The history of the American union is very different from the history of the European union. The American union was born in 1787-1789 from the realization that the confederation born in 1776 was failing, due to the inability of the American states to cooperate effectively. From the outset, it was characterized by a desire for the pre-eminence of the federal state. It certainly took time for the federal state to establish itself and realize its full potential. The relationship between the federal state and the federated states is always subject to change. We are currently witnessing a wave of promotion of the federated states, in particular by the current Supreme Court. But such movements are not new and do not significantly alter the political, social and economic dominance of the federal state[11]. This should come as no surprise: this pre-eminence is enshrined in the founding texts of the American republic and can be seen in the political twists and turns of its early years, as is clearly demonstrated by the policies sought and promoted by its most brilliant and effective leader, Alexander Hamilton. This is clearly shown by the two ‘Hamiltonian moments’ of the 1790s, which cannot be thought of in isolation from each other. The first Hamiltonian moment induces us to compare Hamilton’s American fiscal policy at the end of the eighteenth century with the European announcements of 2020 in response to the Covid-19 pandemic. The second Hamiltonian moment, however, makes it easier to see the differences between the two sequences, and illustrates how American federalism is not a prefiguration of developments in the European Union. The early years of the American republic, far from highlighting a congruence between American destiny and European trial and error, instead show their marked differences. The construction of Europe had nothing to do with the founding of the United States and did not follow the federalist path followed by the latter.

In short, one moment is not enough to make history. European leaders and citizens would be well advised not to forget this lesson from the early days of the American federation.

[1] See Wheatley (2012), “Analysis: What Europe can learn from Alexander Hamilton”. Reuters.

[2]The reference biography on Hamilton is Chesnow, Ron (2005), Alexander Hamilton, Penguin Books…
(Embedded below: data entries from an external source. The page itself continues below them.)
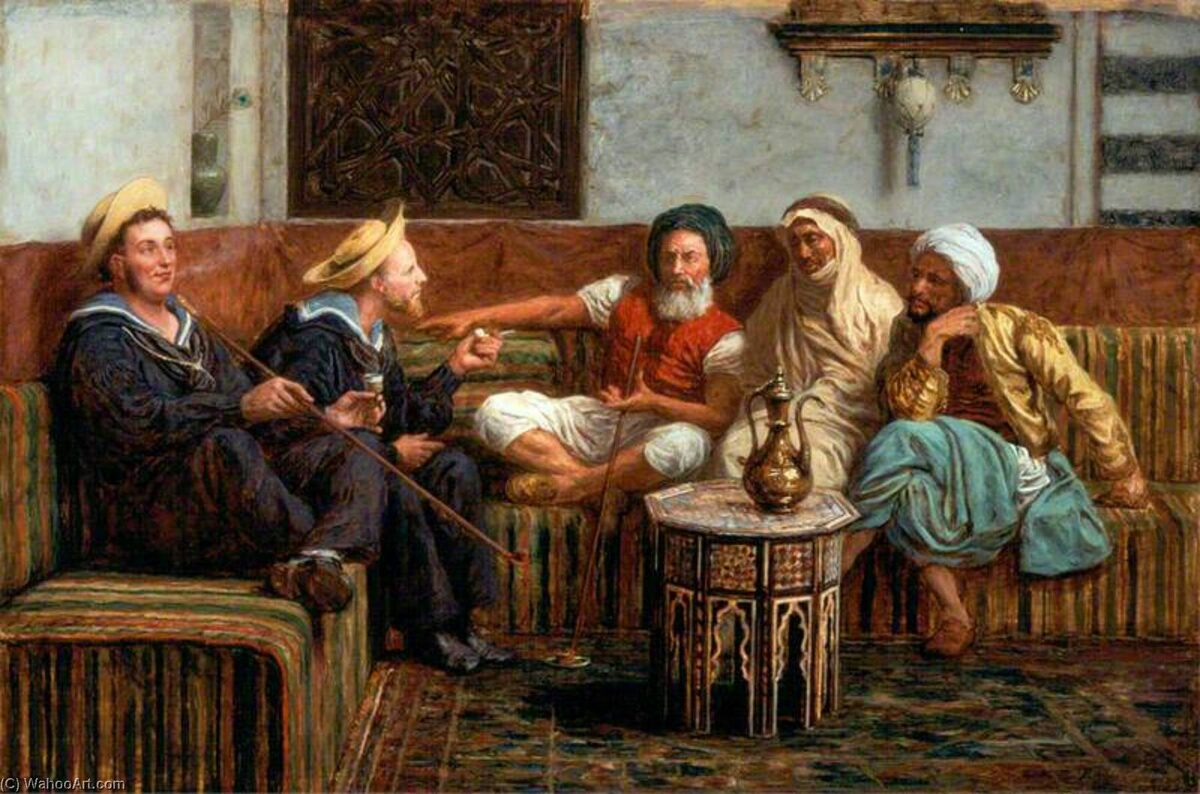 Восток и Запад. Художник: Джон Эван Ходжсон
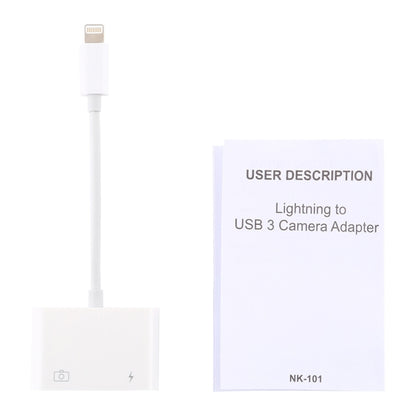 Adaptador de lector de cámara NK101 de 8 pines a USB, compatible con sistemas iOS 9.1 y superiores, NK101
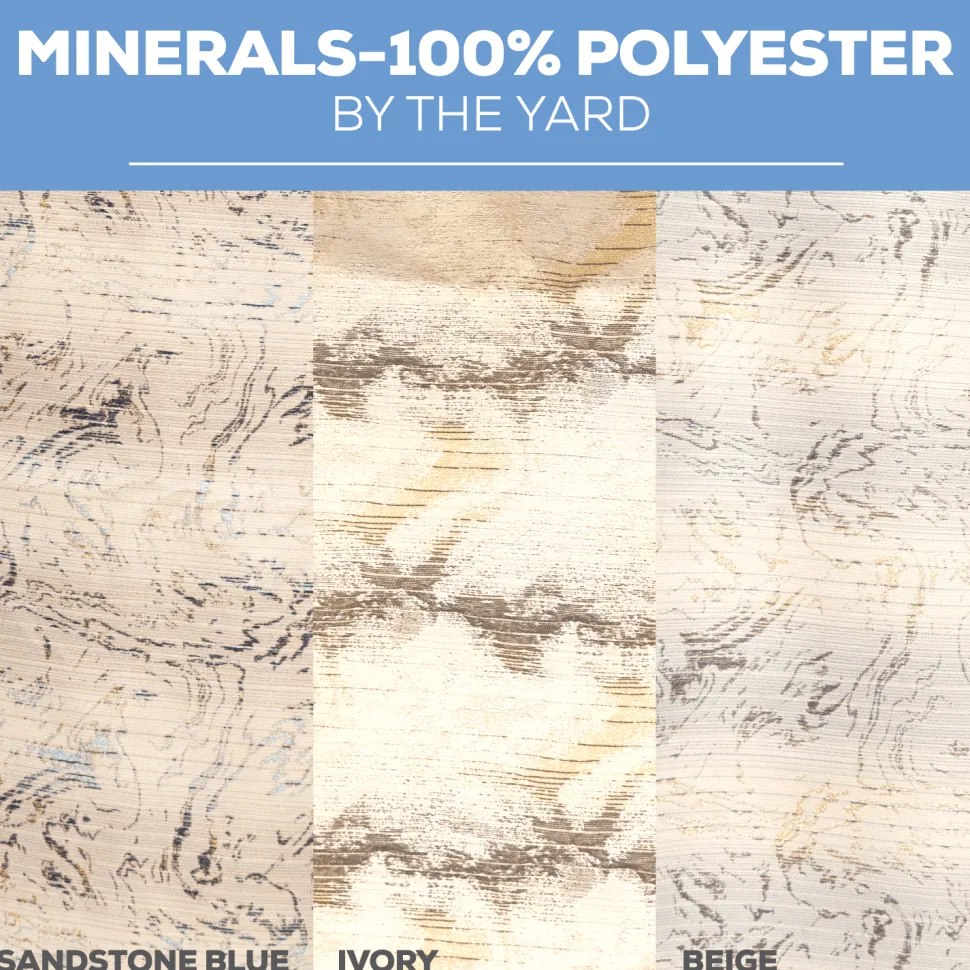 Minerals Tablecloth by Eastern Mills - Blue Sandstone Pattern - Many Size Options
[3] Hamilton, Alexander (1790), Report Relative to a Provision for the Support of Public Credit, U.S. Treasury Department

[4]See in particular the very detailed contribution by Elie Cohen (2020). See also Issing (2020) and Gheorghiu (2022).

[5] See Banning, Lance (1980), The Jeffersonian persuasion: Evolution of a party ideology. Cornell University Press.

[6] Thomas Sargent (2012) has no difficulty in interpreting Hamilton’s thinking and actions in the terms of the most recent economic theory, born of the rational expectations revolution and the notion of temporal coherence.

[7]See Krom and Krom (2013).

[8]We follow the developments dedicated to the rebellion by Gordon S. Wood (2009), Empire of liberty. A history of the Early Republic, 1789-1815, Oxford University Press, pp. 134-139.

[9]Alexander Hamilton to Angelica Church, 23 October 1794, Papers of Alexander Hamilton, Vol. 17, p.340, quoted in Wood (2009), p.138.

[10]“Ultima ratio regum”, as others before him had claimed.

[11]I was already arguing this in the 1980s, proving that the issue is not new. Cf. Kempf and Toinet (1980).